Both words refer to someone or something that poses a danger to us. A threat in this sense is not the verbal warning (Is that a threat?), but something that jeopardizes, or could jeopardize, life, peace, health, or other desirable conditions currently intact: a threat to national security. Menace can be a strong synonym for threat, when the harm is imminent or even already occurring, as with the menace of crime, corruption, pollution, and stray dogs.The difference in meaning can be seen in the verbs that typically precede each word. We want to eliminate a threat before the harm comes to pass, but a menace already has a troubling presence we tackle, curb, deal with, or eradicate. Gang culture is a threat to the community, whereas the presence of gangs has become or is a menace.
Both words refer to something horrifying and repellent—especially acts and images of violence and death, with no gore spared. Gruesome comes from a Germanic word for “shudder.” It suggests something graphic that evokes a visceral response. Macabre is a strong synonym for gruesome: a gruesome murder could also be described as macabre murder. However, macabre tends to describe things less tangible than gore, like an atmosphere, a mood, or an artistic or literary representation of something horrible. We can compare these typical uses: gruesome photos and gruesome video; macabre tale and macabre movie. Macabre is frequently paired with dark, bizarre, strange, and grotesque.

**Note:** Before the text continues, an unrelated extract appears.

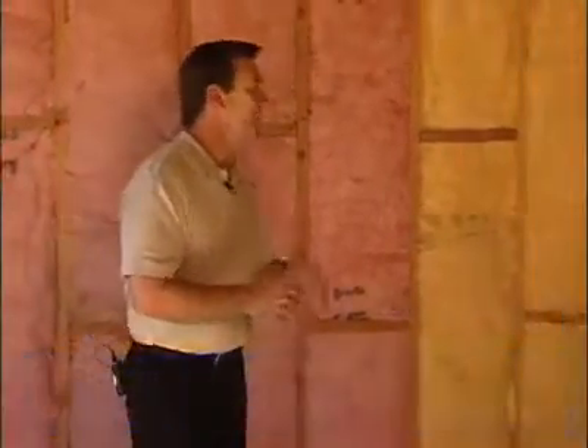With me today is Joe Rego, who is a building science educator. What are the areas that builders need to focus on in terms of some of the more problem areas that you see in your day-to-day business?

Both words refer to the act of misleading, tricking, or deceiving someone, usually for one’s own advantage or gain. Deception is the broader term, covering all ways of misleading people, from false appearances to lies: deception in advertising. Subterfuge is a category of deception that involves the use of cunning tricks or stratagems in order to get away with something. Subterfuge emphasizes the tricks themselves, particularly tricks that (like a smoke screen) hide or disguise what is actually going on: Going out would require subterfuge, so I set my music player to start one hour after I’d slipped out through my bedroom window. Politics, not espionage, is by far the most frequent context for subterfuge.